MLB statistics (through 2024 season)
- Win–loss record: 0–1
- Earned run average: 1.50
- Strikeouts: 6
- Stats at Baseball Reference

Teams
- Chicago White Sox (2024);

= Jairo Iriarte =

Venezuelan baseball player (born 2001)

Jairo Alejandro Iriarte (born December 15, 2001) is a Venezuelan professional baseball pitcher in the Chicago White Sox organization. He made his Major League Baseball (MLB) debut in 2024.

==Career==
===San Diego Padres===
Iriarte signed with the San Diego Padres as an international free agent on July 2, 2018, for a $75,000 signing bonus. He made his professional debut in 2019 with the DSL Padres of the Rookie-level Dominican Summer League, going 1–2 with a 3.31 ERA and 21 strikeouts over 35 1/3 innings. Iriarte did not play in a game in 2020 due to the cancellation of the minor league season because of the COVID-19 pandemic. Iriarte split the 2021 season between the AZL Padres of the Rookie-level Arizona League and the Lake Elsinore Storm of the Low-A West, going a combined 0–5 with an 11.40 ERA and 34 strikeouts over 30 innings. He returned to Lake Elsinore for the 2022 season, going 4–7 with a 5.12 ERA and 109 strikeouts over 91 1/3 innings. Iriarte opened the 2023 season with the Fort Wayne TinCaps of the Midwest League, going 3–3 with a 3.10 ERA and 77 strikeouts over 61 innings. He was promoted to the San Antonio Missions of the Double-A Texas League on July 14.

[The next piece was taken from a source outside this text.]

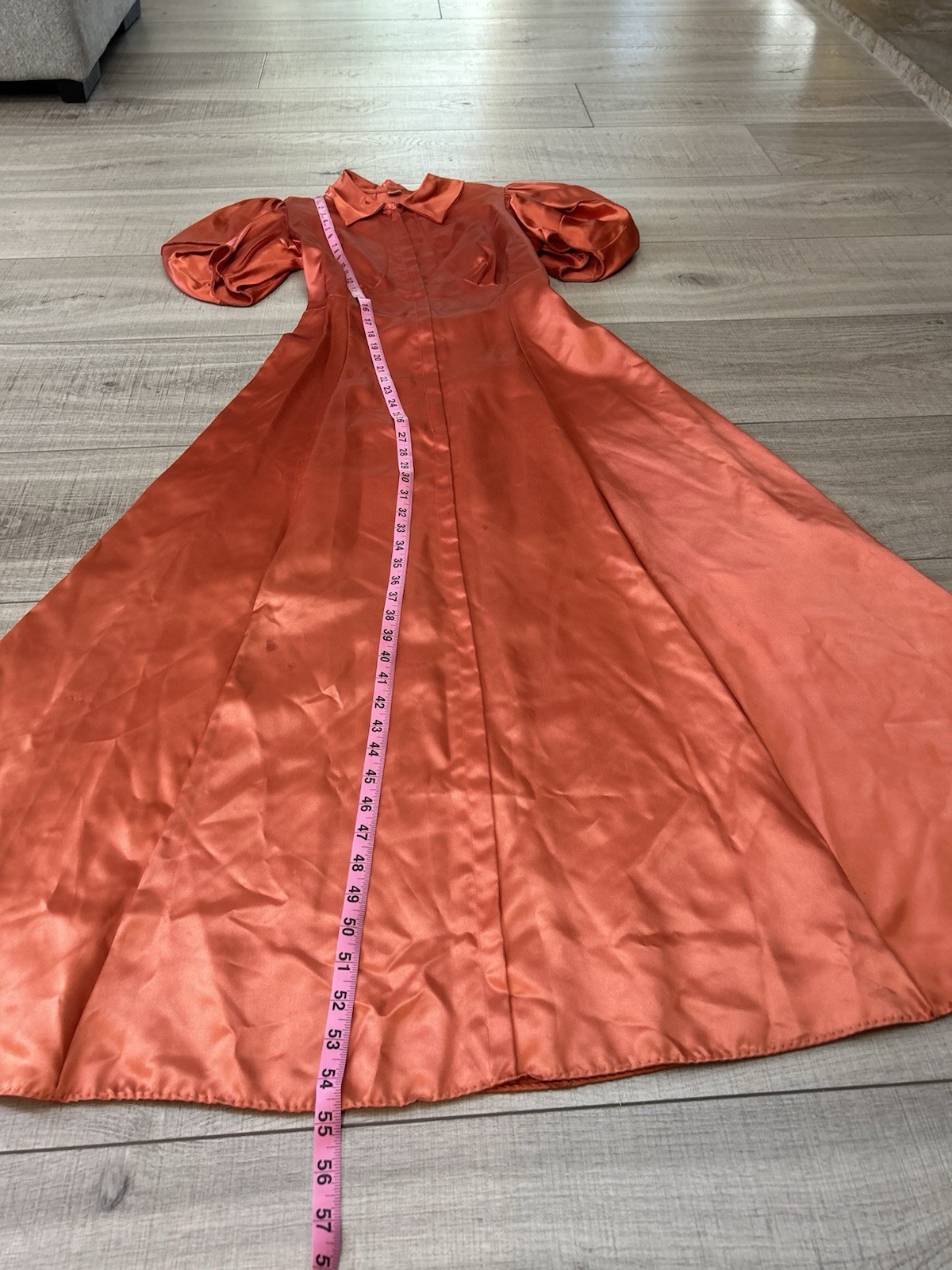 Vintage 1930’s Burnt Orange Satin Puff Sleeves Maxi Dress Dramatic XS/S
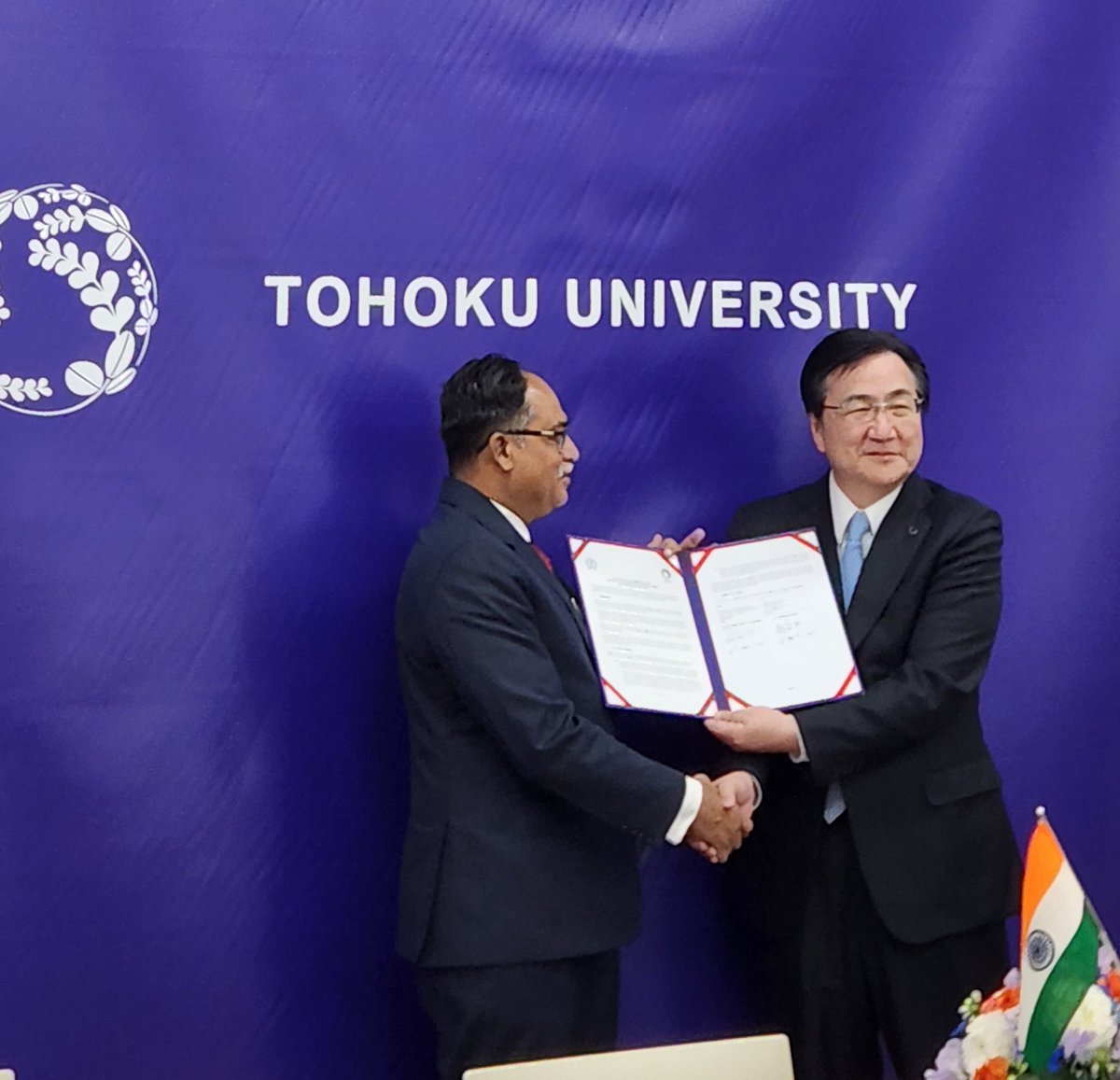 iitbombay's tweet photo. IITB &amp; Tohoku University, Japan signed a joint statement for establishment of Tohoku University–IIT Bombay Joint Institute of Excellence (JIE) today. This collaboration will advance academic &amp; research excellence, foster industry-academia co-creation &amp; push joint initiatives. https://t.co/1ES5Y8lZWW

On November 14, 2023, the Padres added Iriarte to their 40-man roster to protect him from the Rule 5 draft.

===Chicago White Sox===
On March 13, 2024, the Padres traded Iriarte, Steven Wilson, Drew Thorpe, and Samuel Zavala to the Chicago White Sox in exchange for Dylan Cease. Upon his acquisition, he was optioned to the Triple–A Charlotte Knights. However, Iriarte began the year with the Double–A Birmingham Barons, compiling a 5–7 record and 3.71 ERA with 122 strikeouts over 23 games (22 starts). On September 1, Iriarte was promoted to the major leagues for the first time.

Iriate made his Major League debut on September 3 in a relief appearance against the Baltimore Orioles, going one inning, allowing one hit, walking two, and giving up one earned run. He ended his night with one strikeout, the first of his career, against Colton Cowser. In six appearances for the White Sox during his rookie campaign, Iriarte compiled an 0-1 record and 1.50 ERA with six strikeouts over six innings of work.

Iriarte was optioned to Triple-A Charlotte to begin the 2025 season. In 35 appearances (five starts) for the Knights, he struggled to a 2-3 record and 7.24 ERA with 48 strikeouts and one save over 46 innings of work. Iriarte was designated for assignment by the White Sox on February 1, 2026. He cleared waivers and was sent outright to Charlotte on February 6.